Als ich beim nächsten Mal meinen Sohn anrief, blieb das Gespräch nicht lange ruhig. Mein Sohn regte sich wieder auf und brach diesmal sogar in Tränen aus, warf das Telefon an die Seite und schloss sich im Bad ein. Seine Lebensgefährtin nahm das Telefon und fragte mich vorwurfsvoll was ich getan habe. Ohne irgendeine Erklärung abzuwarten, warf sie mir vor, ich hätte alles kaputt gemacht. Das war ein Schlag ins Gesicht für mich. Ich machte mir aber auch Sorgen um meinen Sohn. Anrufen wollte ich nicht mehr doch schrieb ich ihm eine Nachricht, dass er sich doch bei mir melden sollte. Ich liebte ihn doch und wollte ihm nicht wehtun. Es kam keine Antwort mehr. Auch von seiner Lebensgefährtin nicht. Und somit auch keine Fotos von den beiden Mädchen, die einzige Möglichkeit, an deren Leben ein wenig teilzunehmen.
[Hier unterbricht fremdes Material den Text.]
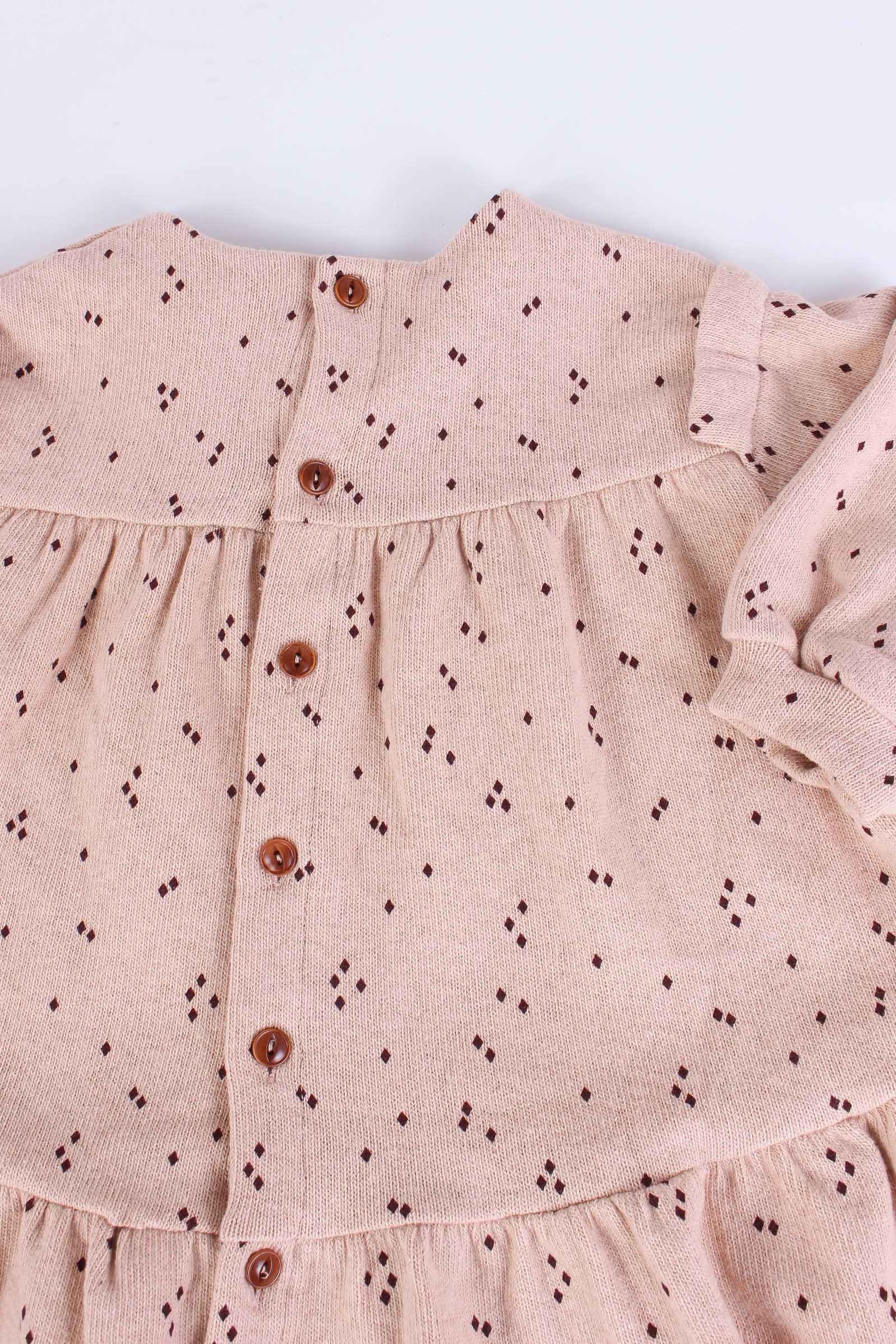 Abito Caldo Cotone Fantasia Nude - immagine 4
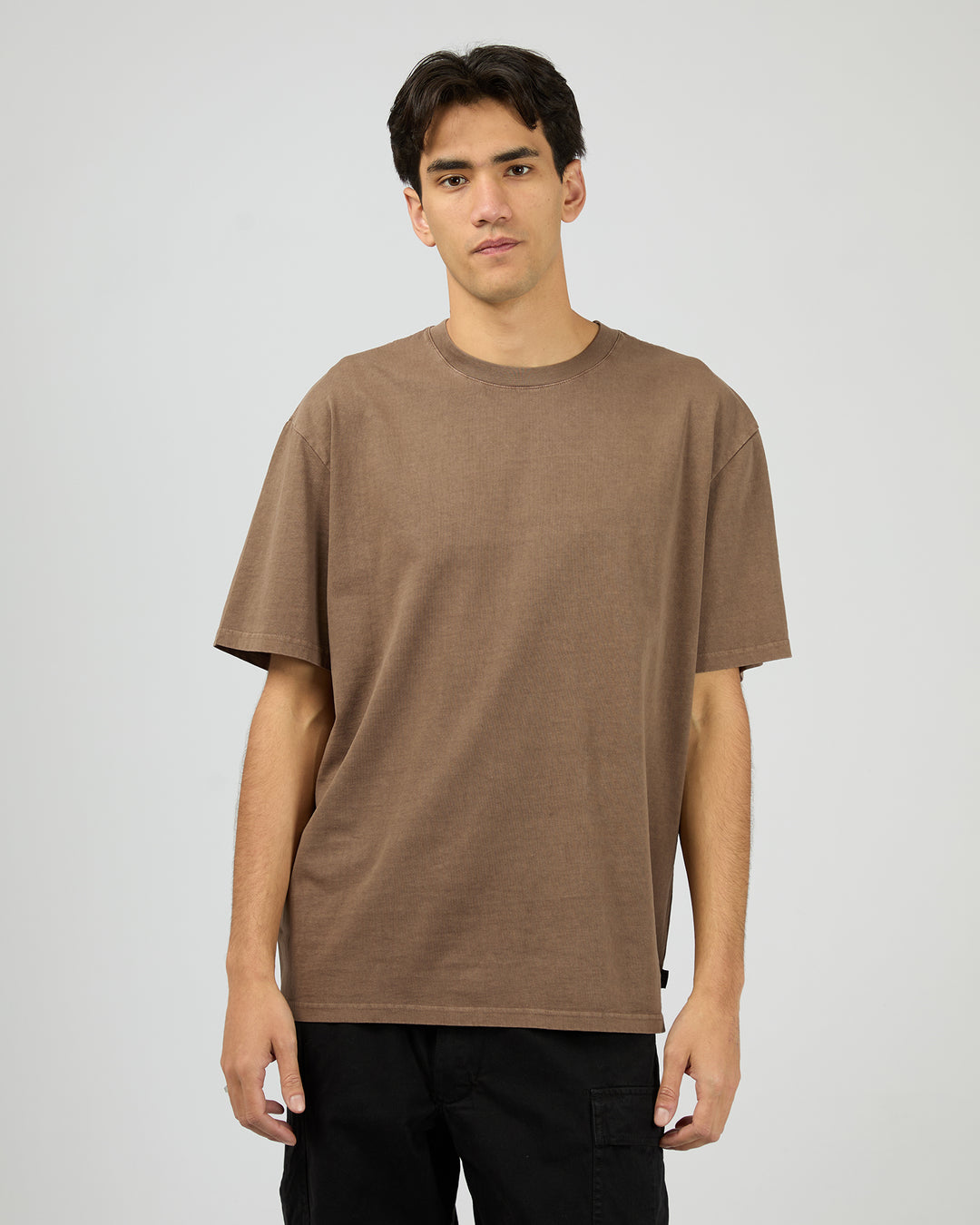 Essential Fit Tee Mocha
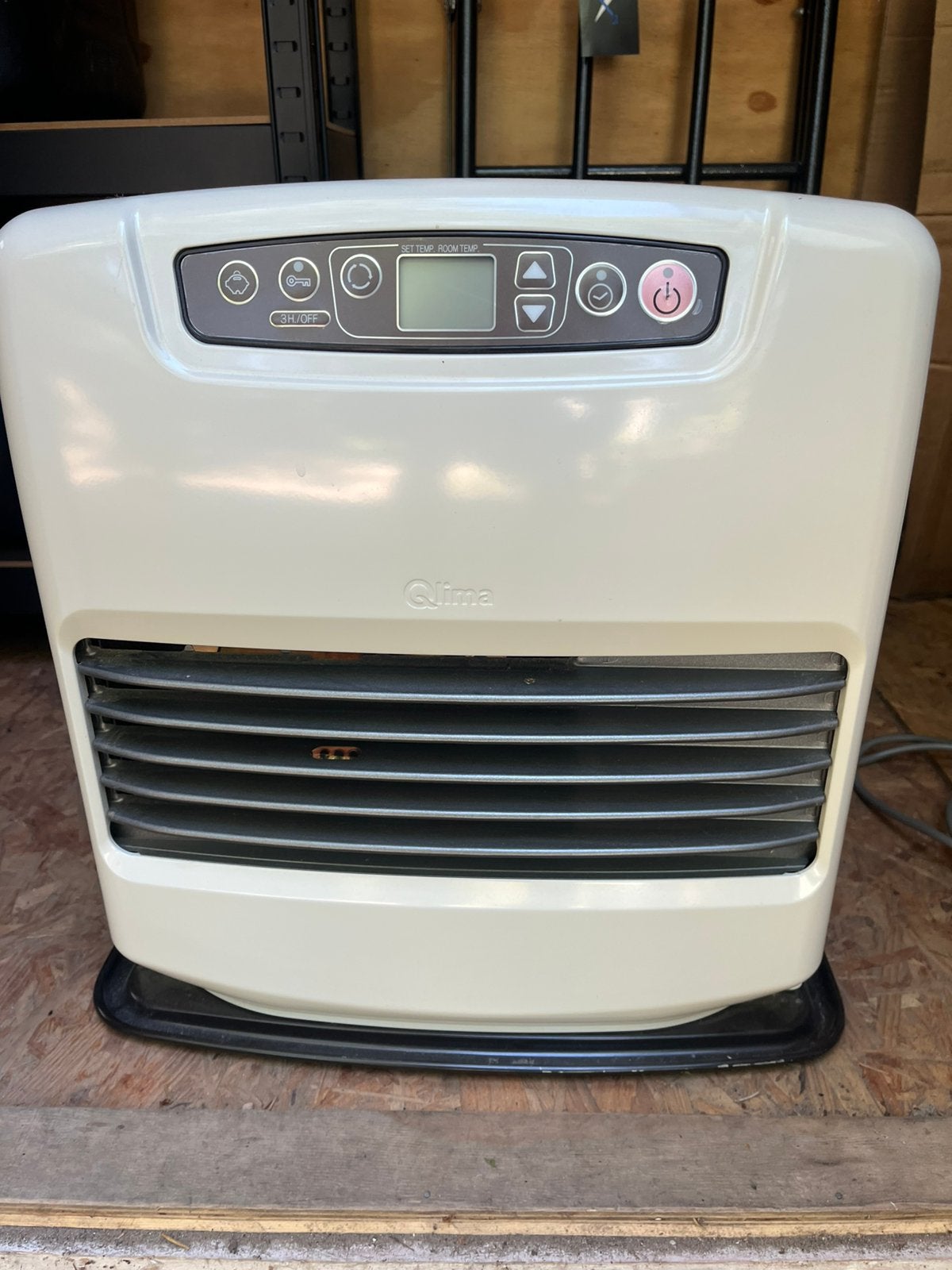 Te koop Qlima petroleumkachel-laser SRE 4035C, Huis en Inrichting, Kachels, Ophalen, Zo goed als nieuw, Gas, Gaskachel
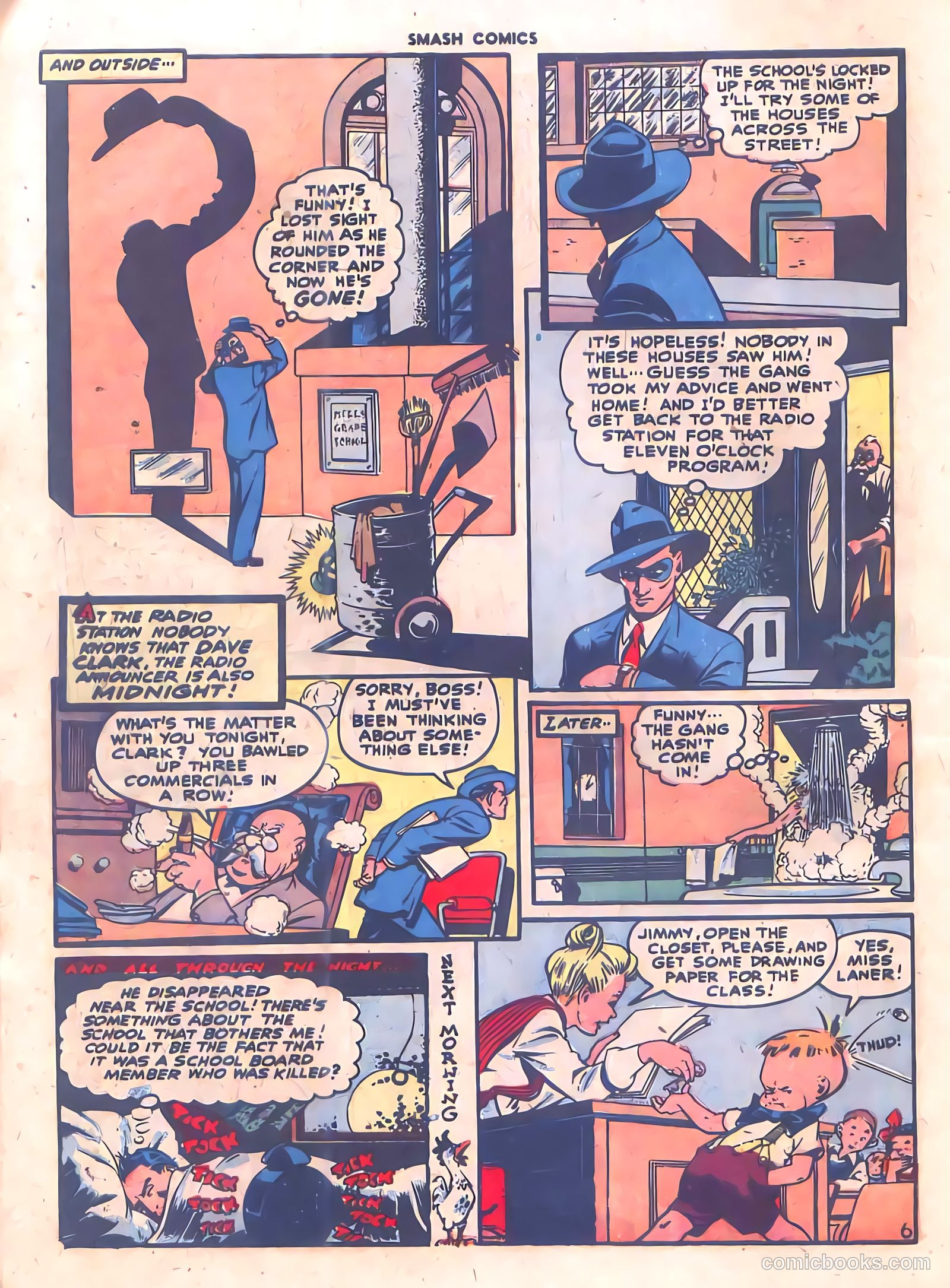 Smash Comics #70 — page 8 of 60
Wieder überwogen meine Depressionen. Ich fragte mich immer öfter nach dem Sinn meines Daseins. Ich war allein in einem Land, mit dem ich mich absolut nicht anfreunden konnte, verrichtete einen Job, den ich mittlerweile hasste, denn es machte absolut keinen Sinn für mich und mein Cottage hatte sich auch als Sackgasse erwiesen. Noch immer liebte ich dieses Häuschen, keine Frage. Doch spazieren gehen mit Chico war von Anfang an lebensgefährlich denn es gibt nicht wirklich Spazierwege und die Autofahrer fuhren hier wie die besengten Säue auf den viel zu schmalen Straßen. Chico war zwar immer lieb gewesen und sobald ich „Auto“ sagte, setzte er sich sofort, doch was würde sein, wenn er einen anderen Hund sah oder eine Katze? Mittlerweile wohnten wir viel zu weit ab vom Zentrum, so dass ich nicht unbedingt das Geld hatte ständig mit Chico im Auto zu anderen Orten zu fahren. Durch meine Atemnot und Asthma, als Folge der Lungenentzündung, fiel es mir besonders schwer, mit Chico rauszugehen. Ich war absolut isoliert. Wirklich helfende Medikamente hatte ich nicht. Das Asthmaspray, was eh nicht wirklich half, war längst verbraucht. Fünfmal benutzt und leer war es. Ich wollte auch nicht schon wieder 50 Euro für einen Arztbesuch ausgeben und rezeptfrei bekam ich nichts.  Auch meine Ernährung war völlig falsch und somit hatte ich schon längst wieder Übergewicht. Das meiste was angeboten wird, schmeckt mir nicht. Vieles bekommt man hier an Lebensmitteln nicht, so dass ich mir oft vorkomme wie in der ehemaligen DDR. Oftmals kompensiere ich fehlende Lebensmittel mit Schokolade, Keksen, Kuchen oder Eis. Bei allem anderen stehe ich oft bei Lidl ratlos herum und weiß nicht was ich kaufen soll. Meine einzig verbliebene Freundin aus Hamburg befand sich seit langer Zeit im Krankenhaus. Es gab niemanden, mit dem ich reden konnte. Selbst auf meinen Urlaub konnte ich mich nicht wirklich freuen.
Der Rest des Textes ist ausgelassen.